Soc. 1er juill. 2020, n° 18-24.180

Selon la chambre sociale de la Cour de cassation, « il résulte des articles 8 et 45 du décret n° 2016-660 du 20 mai 2016 que les dispositions de l’article R.1452-7 du Code du travail, aux termes desquelles les demandes nouvelles dérivant du même contrat de travail sont recevables même en appel, demeurent applicables aux instances introduites devant les conseils de prud’hommes antérieurement au 1er août 2016 ».

Cette date marque l’abrogation des articles R. 1452-6 et R. 1452-7 du code du travail qui énonçaient la règle de l’unicité de l’instance en matière prud’homale. Cette règle imposait aux parties au contrat de travail de formuler toutes les demandes liées à ce contrat dans le cadre d’une seule instance. Il en résultait une irrecevabilité de toute demande nouvelle se rattachant au même contrat de travail que la demande déjà jugée, peu important qu’elle n’eût pas le même objet que celles formulées lors de l’instance initiale.
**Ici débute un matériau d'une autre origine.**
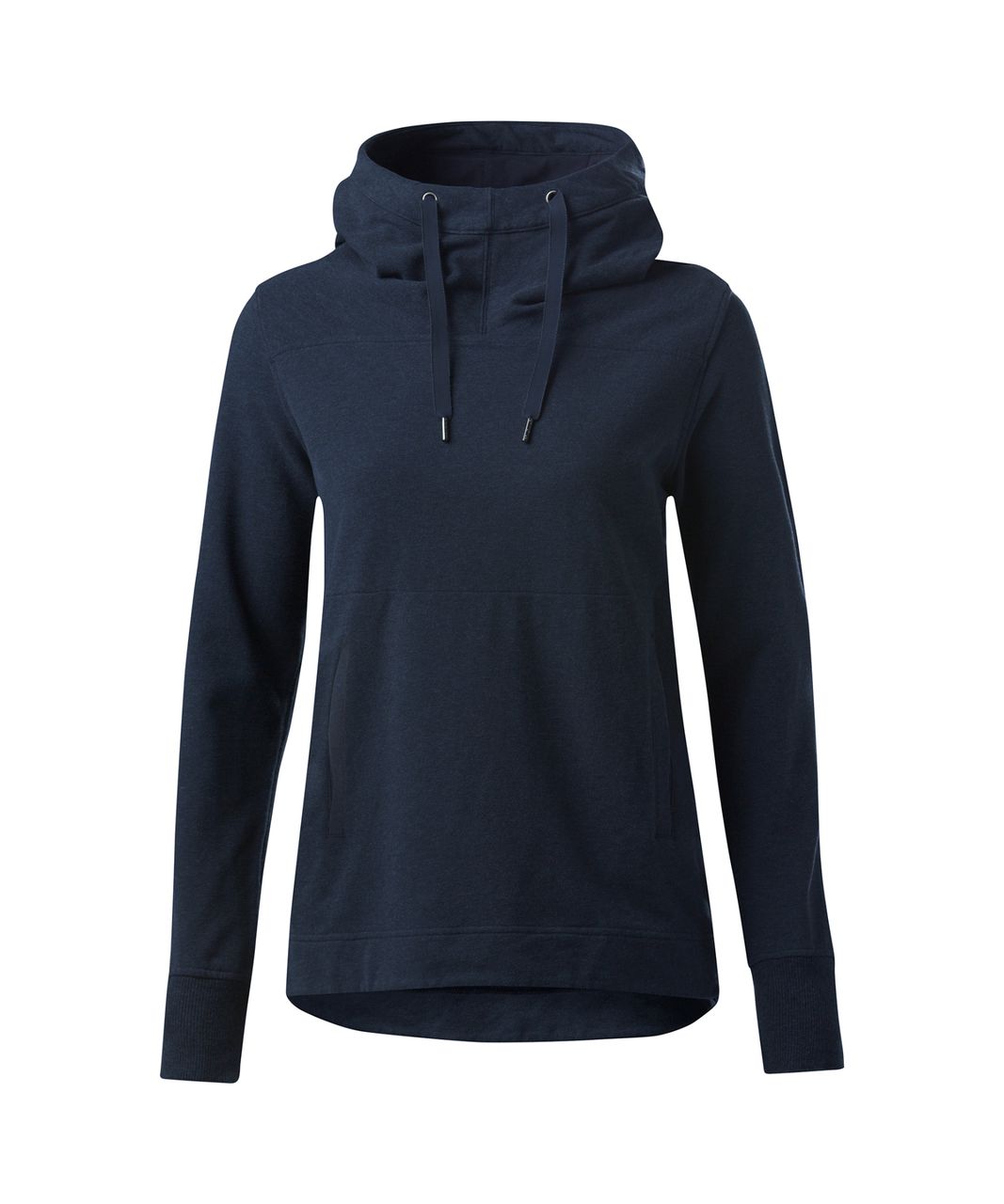 Lululemon Split Pullover - Heathered Naval Blue / Naval Blue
Les parties pouvaient cependant formuler de nouvelles demandes dérivant du contrat en cours d’instance, y compris devant le juge d’appel.
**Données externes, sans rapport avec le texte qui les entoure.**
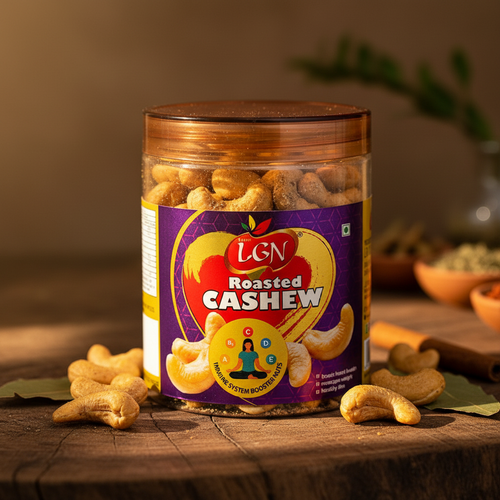 CASHEW ROASTED 250GMS JAR product image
Or en l’espèce, une salariée, engagée en 2009 par une compagnie aérienne, avait saisi le conseil de prud’hommes le 25 septembre 2015. Elle s’estimait victime de faits de discrimination et de harcèlement moral et demandait, à ce titre, le paiement de dommages-intérêts pour préjudice moral. Alors qu’elle avait été licenciée le 10 octobre 2016, elle a interjeté appel le 11 mai 2017 du jugement l’ayant déboutée de toutes ses demandes et a présenté, en appel, des demandes nouvelles au titre de la rupture de son contrat de travail. Le 16 octobre 2018, la cour d’appel de Saint-Denis de la Réunion a déclaré irrecevables ces demandes, au motif, d’une part, qu’elles étaient nouvelles car elles n’avaient pas été présentées devant le premier juge ; d’autre part, que l’article R. 1452-7 avait été abrogé au 1er août 2016. Selon les juges du fond, les dispositions du décret du 20 mai 2016, instaurant des règles de procédure, étaient d’application immédiates pour les instances postérieures à son entrée en vigueur. La salariée ayant interjeté appel le 11 mai 2017, le principe d’unicité de l’instance, applicable devant le premier juge, ne l’était plus devant le second.
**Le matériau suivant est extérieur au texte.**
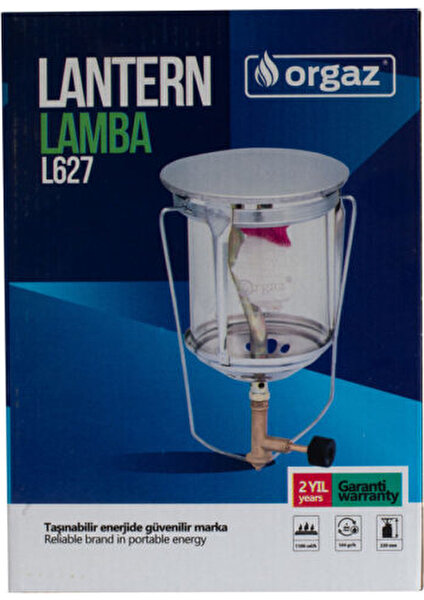 Lantern Eko Büyük Lüks Lamba  L-627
Devant la Cour de cassation, la salariée affirmait que l’instance ayant été introduite en 2015, avant l’entrée en vigueur du décret de 2016, la règle de l’unicité de l’instance devait s’appliquer jusqu’à ce qu’une décision irrévocable soit rendue sur le fond, y compris devant la cour d’appel saisie après le 1er août 2016. Sensible à cette argumentation, la haute juridiction casse l’arrêt d’appel.